The Benromach Organic, on the other hand, was first released in 2006 and is the world’s first certified organic whisky.  The whisky also consists of some spicy notes which could complement and accompany some of the spices and pumpkin seeds used in the making of mooncakes. Pumpkins are particularly seen as a sign of good health.

Furthermore, family is at the centre of the Moon Festival and Glenfarclas could be a good whisky here. Glenfarclas is one of the few family owned distilleries still in Scotland and is under the sixth generation of the Grant family.

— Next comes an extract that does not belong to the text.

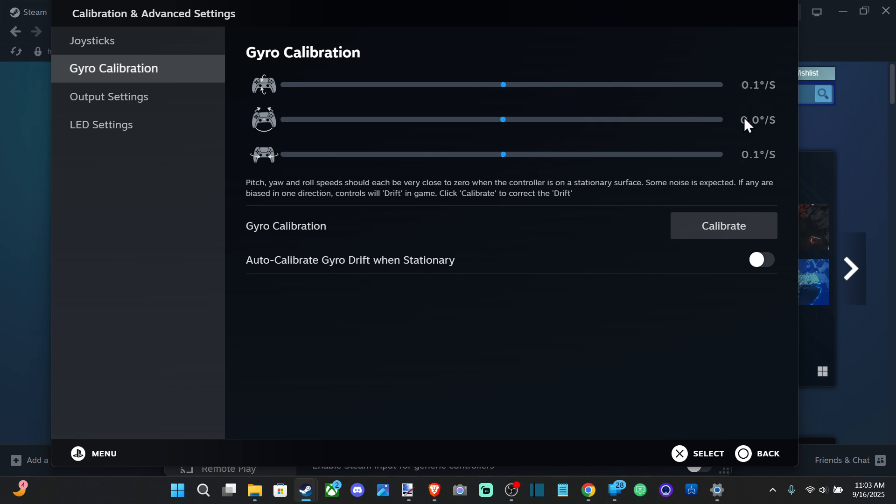You can see it's still just a little bit off but it's pretty good right now. And it says Auto-Calibrate Gyro When Stationary. We can just put this on and auto-calibrate it every time so it's never out of sync.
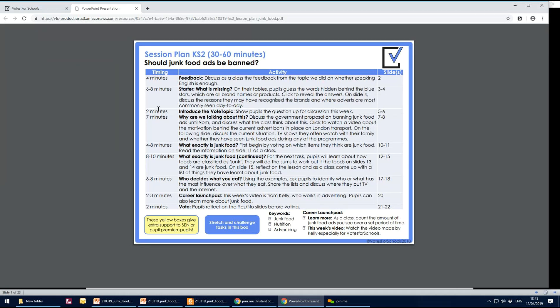Each of the timings is down this side. Content from the slide is on that side. Any keywords or extension tasks will be on the slides and you can extend or shrink anything as you need to.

The use of the colour red in their packaging is a lovely reminder that red is important in Chinese culture as a symbol of happy events.

So why not grab some whisky, embrace the start of Autumn and spend some time with family this September.

Moon cake

Image by Yy Lam (Unspash)

To learn more about the Moon Festival, read on:

The legend of a Chinese Goddess in a tale of love and devotion …

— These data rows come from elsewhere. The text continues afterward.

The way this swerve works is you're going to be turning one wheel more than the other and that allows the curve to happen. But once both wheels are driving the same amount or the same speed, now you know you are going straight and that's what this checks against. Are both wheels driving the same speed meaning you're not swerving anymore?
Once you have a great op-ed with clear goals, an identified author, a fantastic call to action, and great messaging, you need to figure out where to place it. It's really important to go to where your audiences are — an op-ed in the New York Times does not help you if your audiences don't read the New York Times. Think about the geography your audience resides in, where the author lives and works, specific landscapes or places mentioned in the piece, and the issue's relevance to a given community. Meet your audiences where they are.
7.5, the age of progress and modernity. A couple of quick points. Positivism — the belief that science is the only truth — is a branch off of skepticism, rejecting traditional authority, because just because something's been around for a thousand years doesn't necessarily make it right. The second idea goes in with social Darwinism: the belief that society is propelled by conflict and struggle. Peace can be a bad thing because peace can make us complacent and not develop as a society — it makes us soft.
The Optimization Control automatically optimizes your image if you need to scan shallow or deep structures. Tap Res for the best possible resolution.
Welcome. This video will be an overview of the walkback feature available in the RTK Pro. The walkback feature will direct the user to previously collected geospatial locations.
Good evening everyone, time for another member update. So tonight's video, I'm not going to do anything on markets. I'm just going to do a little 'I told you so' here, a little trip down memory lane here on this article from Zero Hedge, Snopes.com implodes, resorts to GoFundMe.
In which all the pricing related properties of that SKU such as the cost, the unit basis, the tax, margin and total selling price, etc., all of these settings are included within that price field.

The Festival celebrates family reunions, as well as a romantic occasion, and is rooted in many different myths and legends from over 3000 years ago.

One of the most famous is the legend of Chang’e, a Chinese Goddess and the story of a hero named Hou Yi. Hou Yi lived during a time where there were ten suns in the sky which caused people to die and crops to fail. The tale tells how Hou Yi shot down nine of the suns with his bow and arrow to save the Earth. He was then presented an elixir by the Queen of Heaven, Wangmu, to make him immortal and allow him to be a God in Heaven. However, Hou Yi did not drink the elixir because he wanted to remain with his wife, Chang’e, and told her to watch over the elixir instead.

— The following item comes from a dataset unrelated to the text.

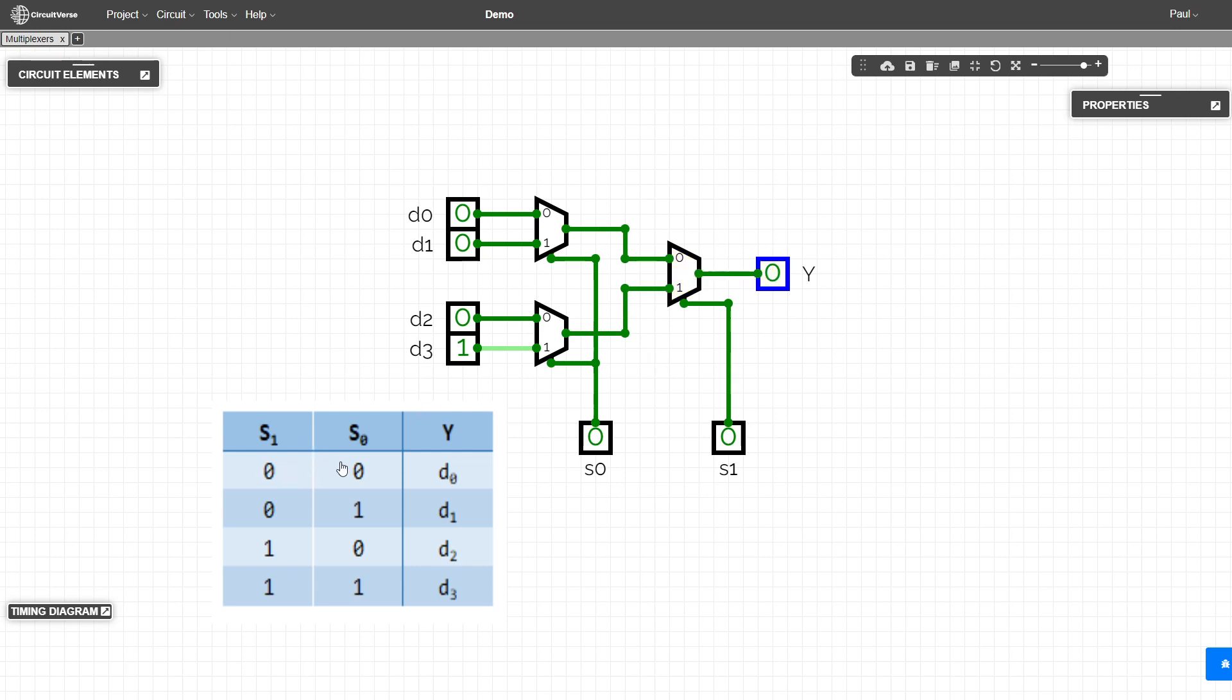So let's see it. If we want the output for d zero, we need signal zero to be zero and signal one to be zero. So if we now make this a one, notice we get a one because with this being a zero, we're taking the input from the zero input to the output.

One day though, there was an attempt to steal the elixir from her by one of Hou Yi’s students and Chang’e then drank the potion to foil the student’s plans. As a result, she flew to the moon where she would remain forever as the moon is considered the closest place on Earth to Heaven. People have prayed for her fortune ever since and during the Moon Festival, she’s presented with a variety of food offerings and festival-goers swear that they can see Chang’e dancing on the moon.


Image by Alexa Soh (Unspash)

The enjoyment of mooncakes in the light of the full moon ….

When the full moon rises, families get together to watch the full moon, eat moon cakes in the moon’s shadow and sing moon poems. It is believed that mooncakes were the favourite of Chang’e and are a Chinese pastry. A typical mooncake is often round in shape and consists of a rich filling made from sweet red bean or lotus seed paste and often contains yolks from salted duck eggs. The filling also consists of chopped nuts and seed such as pumpkin, walnut, peanut, watermelon and sesame along with pieces of rock sugar.

Although mooncakes are not often consumed during the year, everyone will have one during the Festival and the cakes would be commonly cut into the number of pieces that are equal to the number of family members as a symbolic gesture of sharing and reunion.

We hope you have enjoyed reading this blog and learning more about The Moon Festival and the whiskies to enjoy. Slainte.